Image-text web data

.....

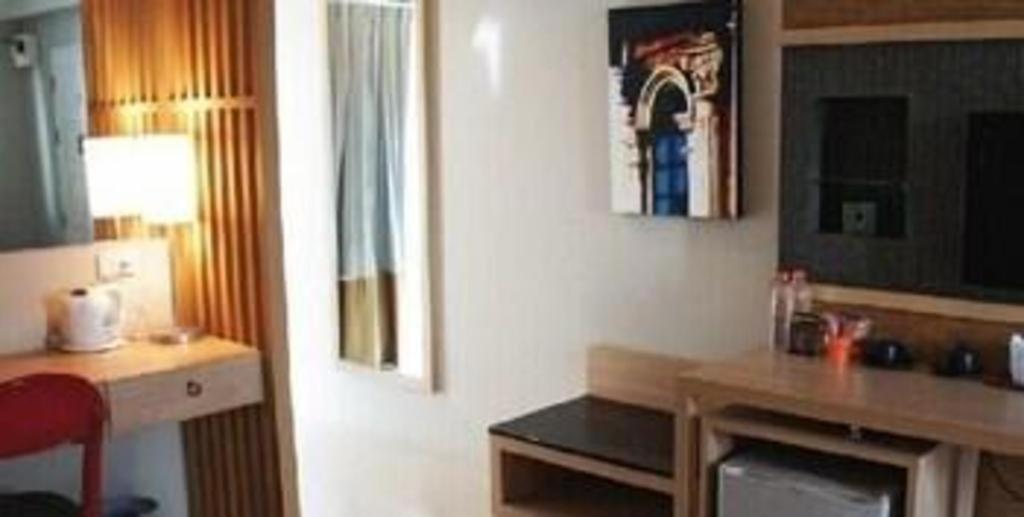 Chinotel Phuket Bagian luar foto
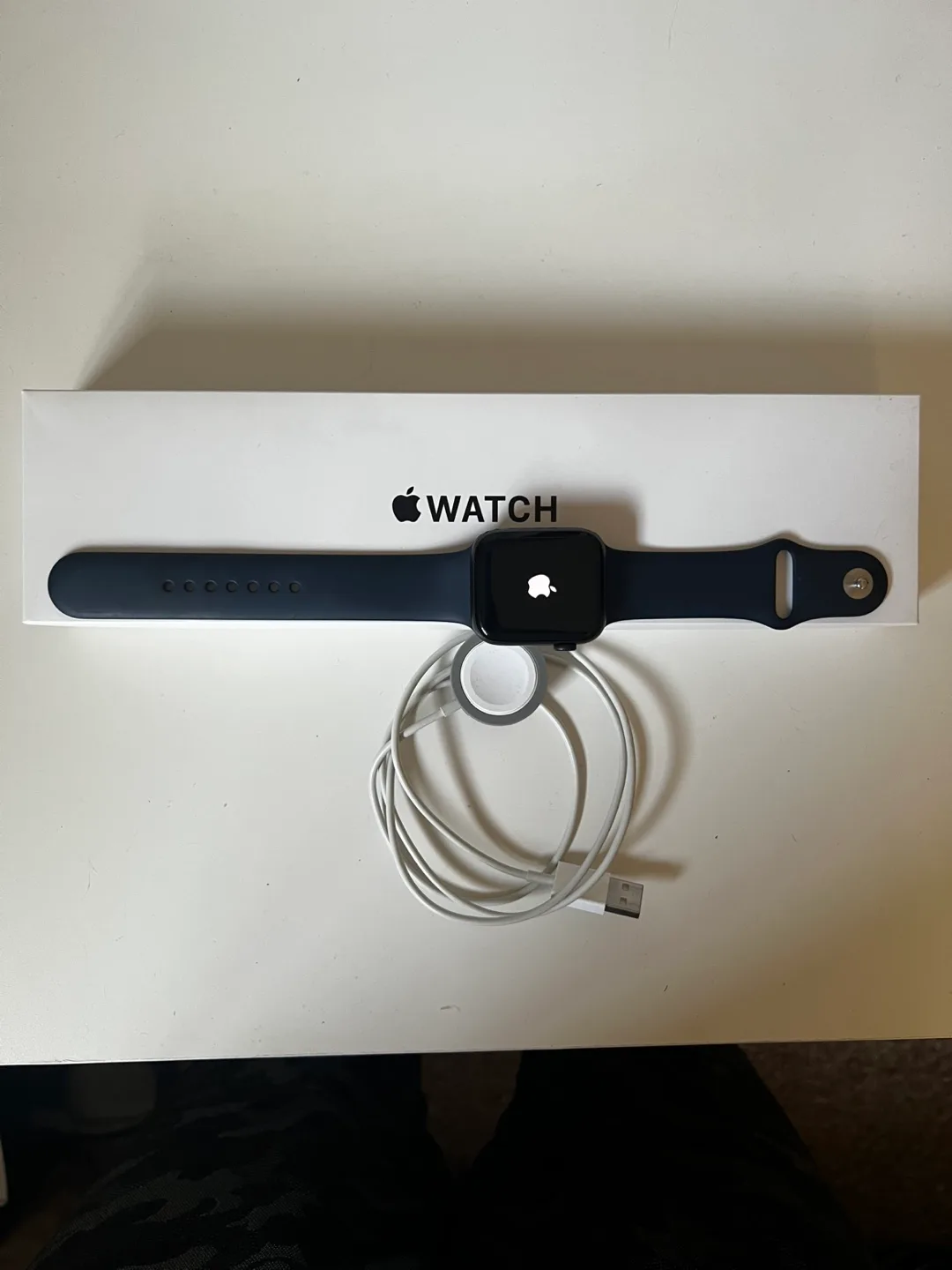 Apple Watch SE 44mm Space Gray - Like New! thumbnail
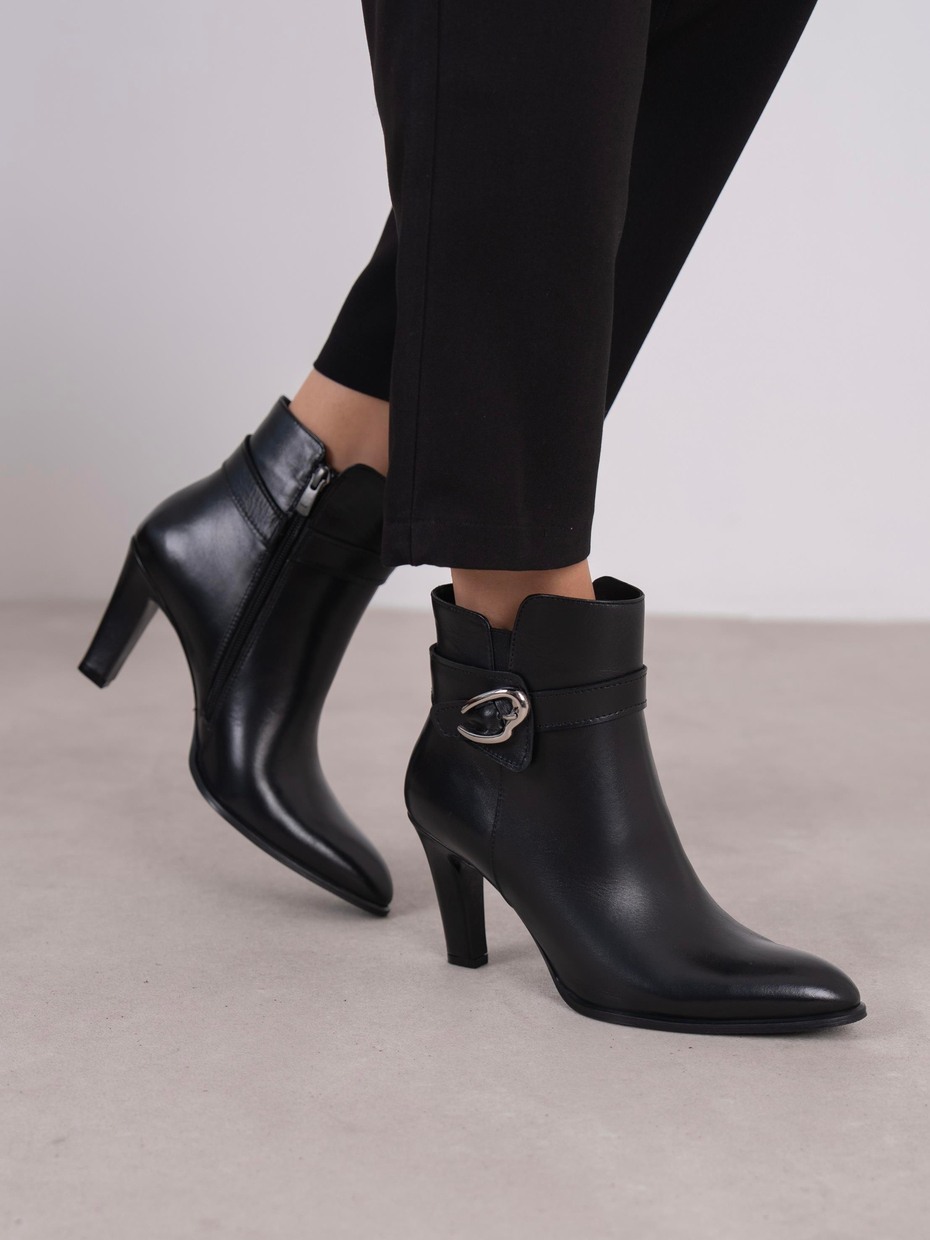 Blera Siyah Hakiki Deri Kadın Bot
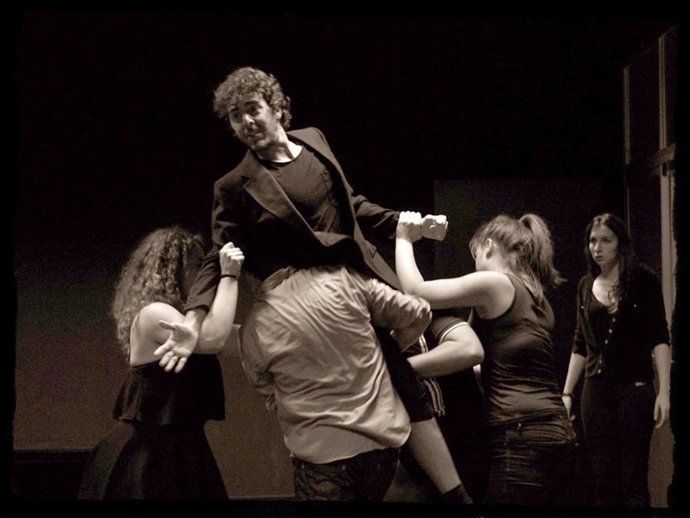 Representación de Personne, de elena Bolaños, trabajo fin de carrera ESAD Málaga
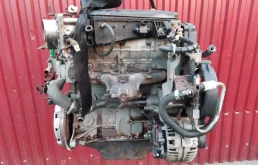 Двигатель без навесного для Fiat Doblo 2008 года на фотографиях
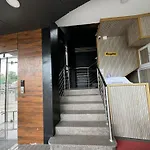 Amsher Suit Lulu Mall Road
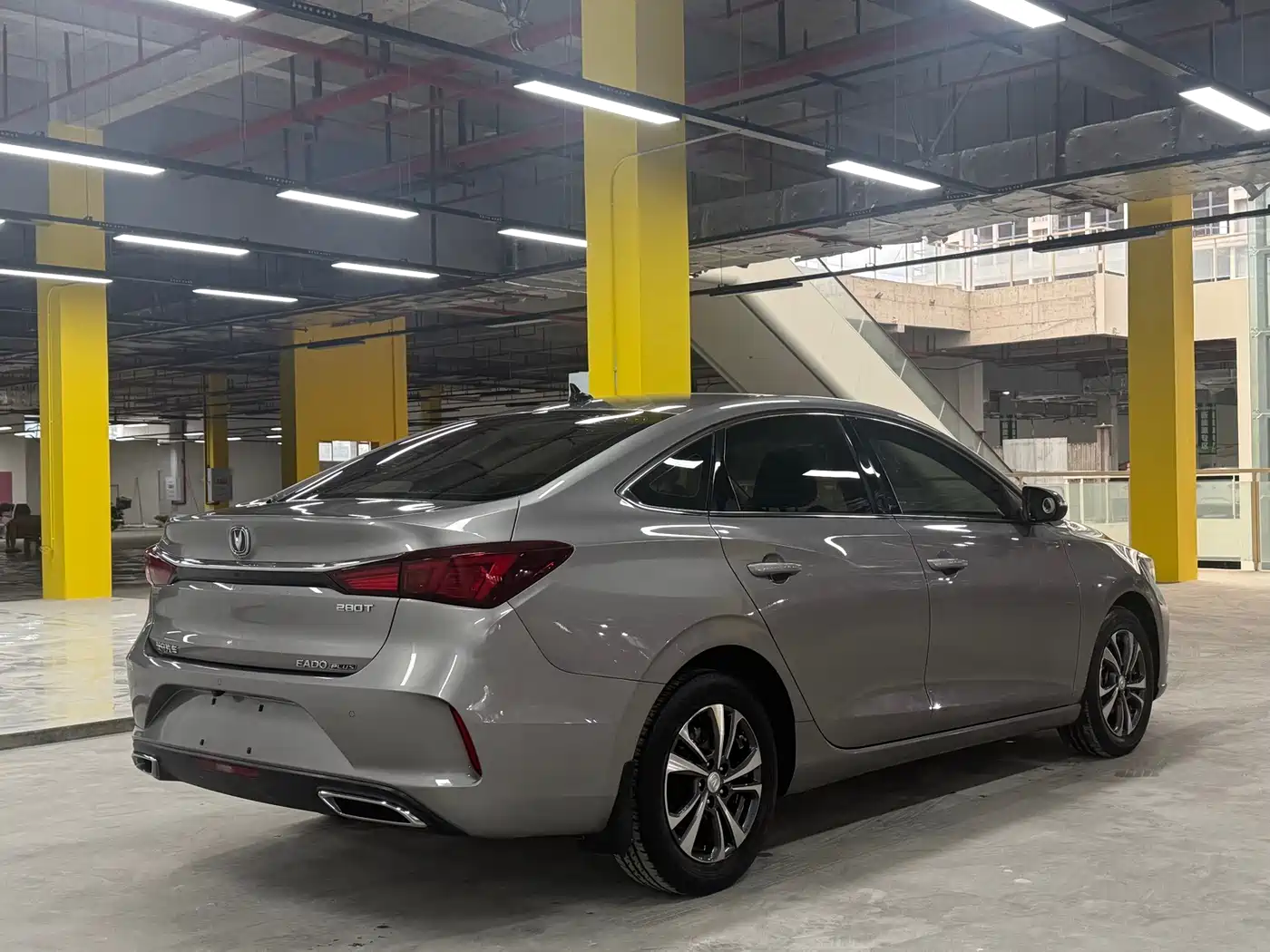 Фото 4 - Changan Eado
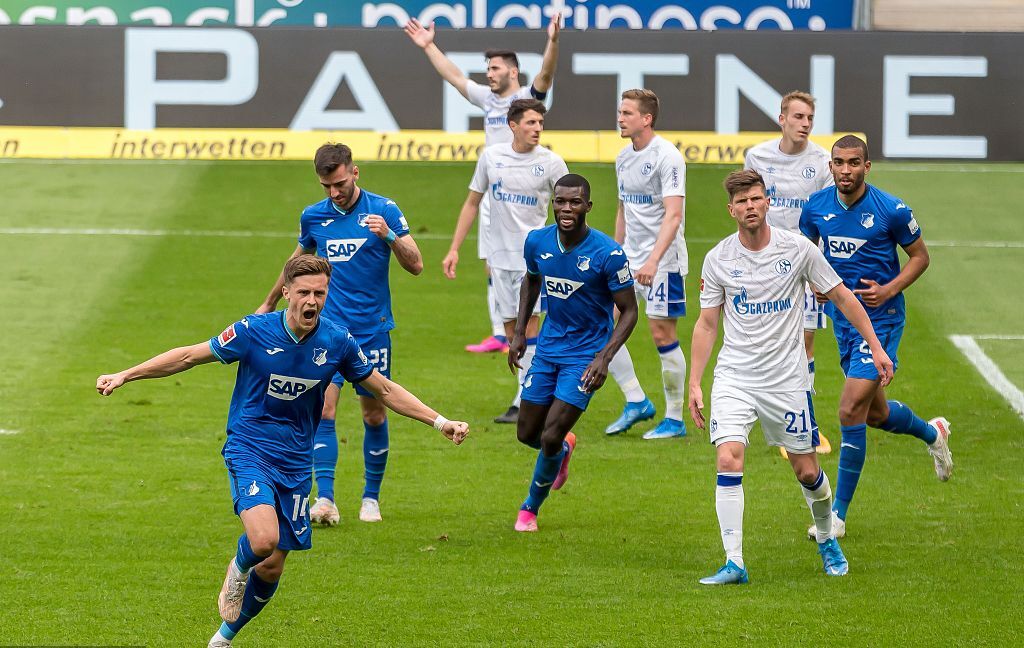 沙尔克04神奇逆转，意外晋级欧冠八强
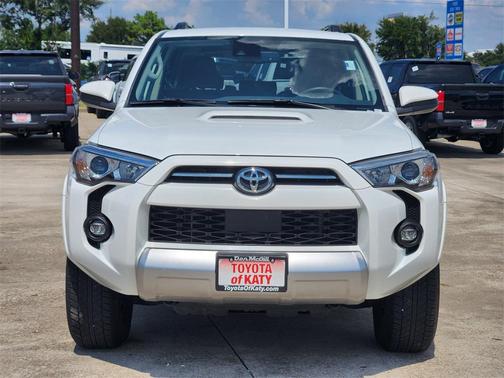 2024 Toyota 4Runner TRD Off Road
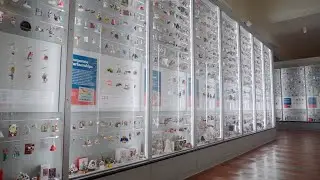 See Our Exhibits Team Hang Nearly 7,000 Hallmark Ornaments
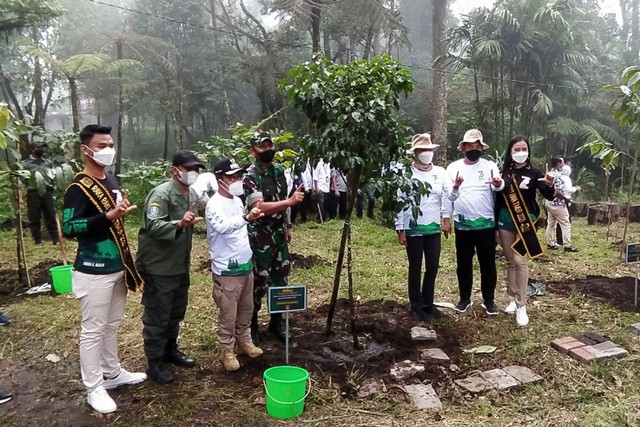 Gerakan reboisasi Gotong Royong Nanduri Gunung, di Tahura R Soerjo, pada Kamis (25/11/2021). Foto: Ulul Azmy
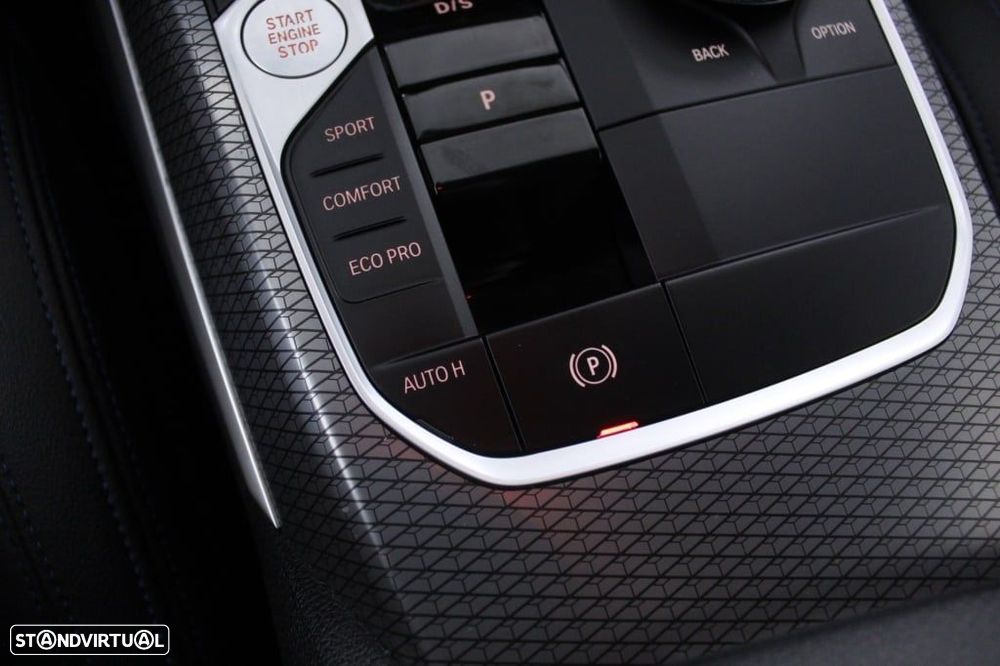 BMW 320 d Pack Desportivo M Auto - 31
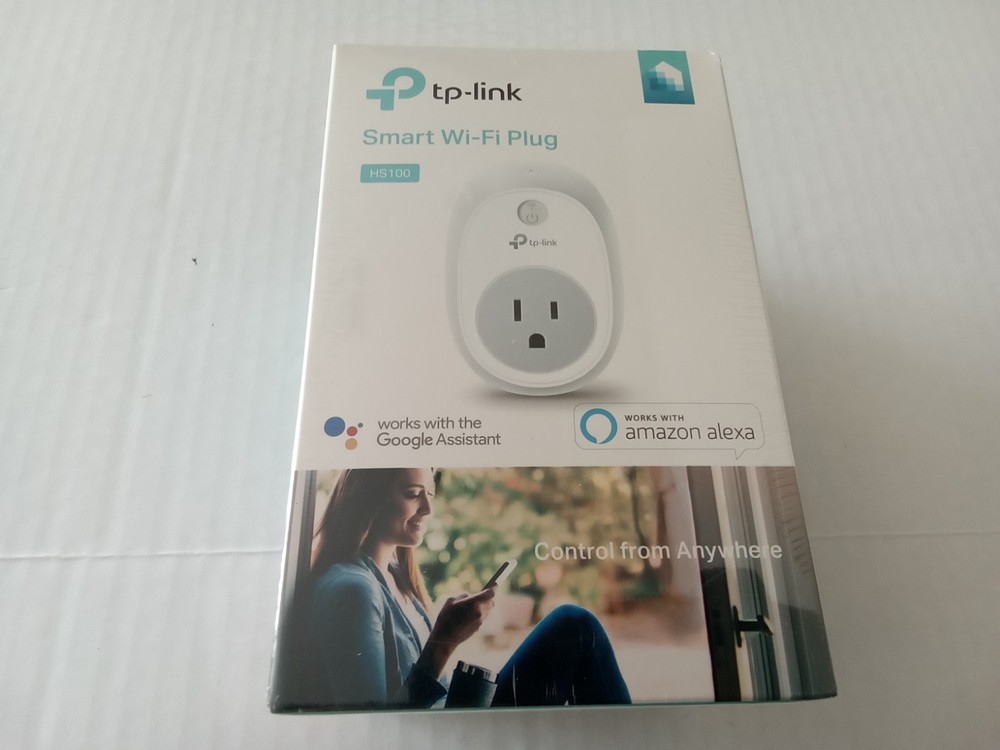 TP-Link HS100 Smart WiFi Plug New in Sealed Box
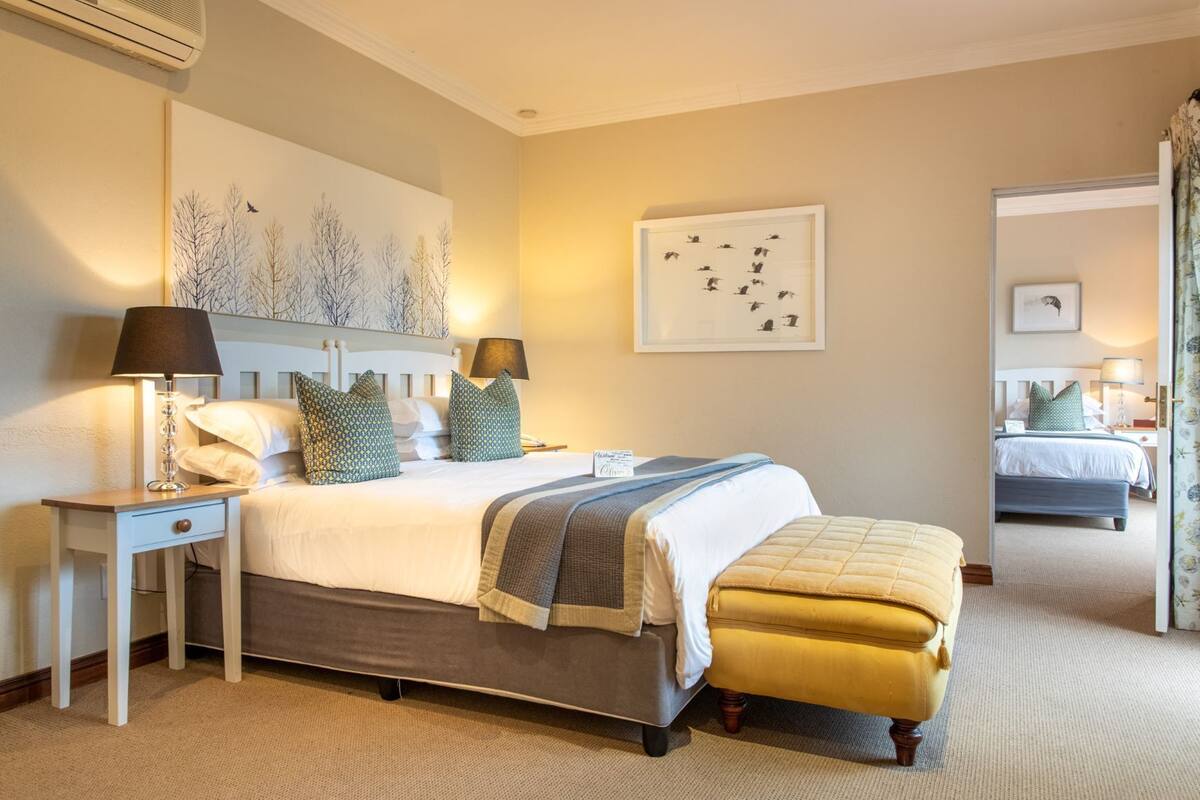 Exclusive Standard Family Room | Sengetøy av topp kvalitet, minibar, safe på rommet og skrivebord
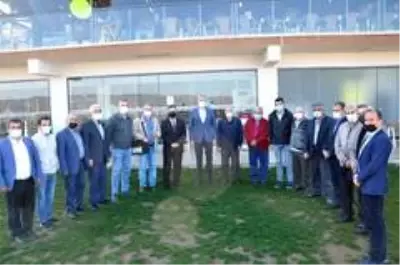 Başkan Biçer, muhtarlar ve gazetecilerle kahvaltıda buluştu Başkan Biçer, muhtarlar ve gazetecilerle kahvaltıda buluştu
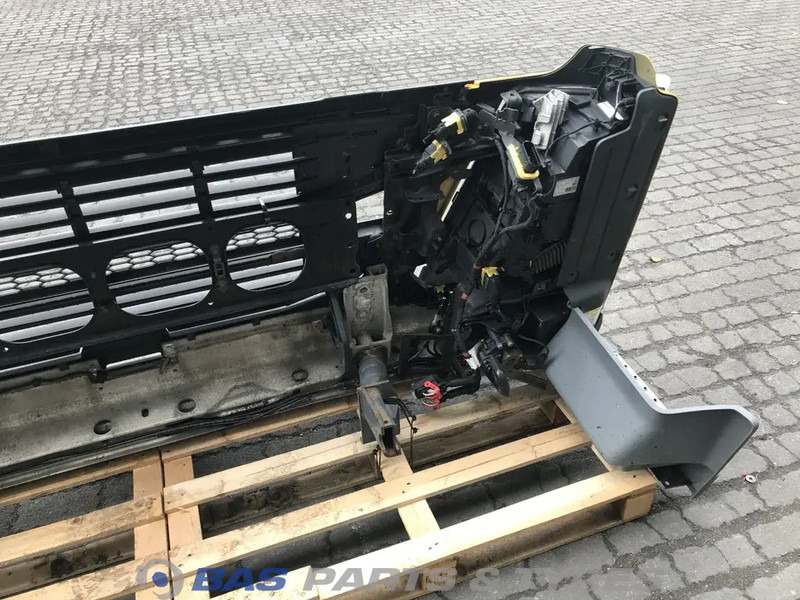 Volvo FM4 Bumper Volvo 21963534 - Pare-chocs pour Camion: photos 5 Volvo FM4 Bumper Volvo 21963534 - Pare-chocs pour Camion: photos 5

.....

■ WHAT IS NEEDED
Look above for the line containing "Representación de Personne, de", then retype it and each line after it to the end of the records, exactly and without pictures.

■ RESPONSE BELOW
 Representación de Personne, de elena Bolaños, trabajo fin de carrera ESAD Málaga
 Двигатель без навесного для Fiat Doblo 2008 года на фотографиях
 Amsher Suit Lulu Mall Road
 Фото 4 - Changan Eado
 沙尔克04神奇逆转，意外晋级欧冠八强
 2024 Toyota 4Runner TRD Off Road
 See Our Exhibits Team Hang Nearly 7,000 Hallmark Ornaments
 Gerakan reboisasi Gotong Royong Nanduri Gunung, di Tahura R Soerjo, pada Kamis (25/11/2021). Foto: Ulul Azmy
 BMW 320 d Pack Desportivo M Auto - 31
 TP-Link HS100 Smart WiFi Plug New in Sealed Box
 Exclusive Standard Family Room | Sengetøy av topp kvalitet, minibar, safe på rommet og skrivebord
 Başkan Biçer, muhtarlar ve gazetecilerle kahvaltıda buluştu Başkan Biçer, muhtarlar ve gazetecilerle kahvaltıda buluştu
 Volvo FM4 Bumper Volvo 21963534 - Pare-chocs pour Camion: photos 5 Volvo FM4 Bumper Volvo 21963534 - Pare-chocs pour Camion: photos 5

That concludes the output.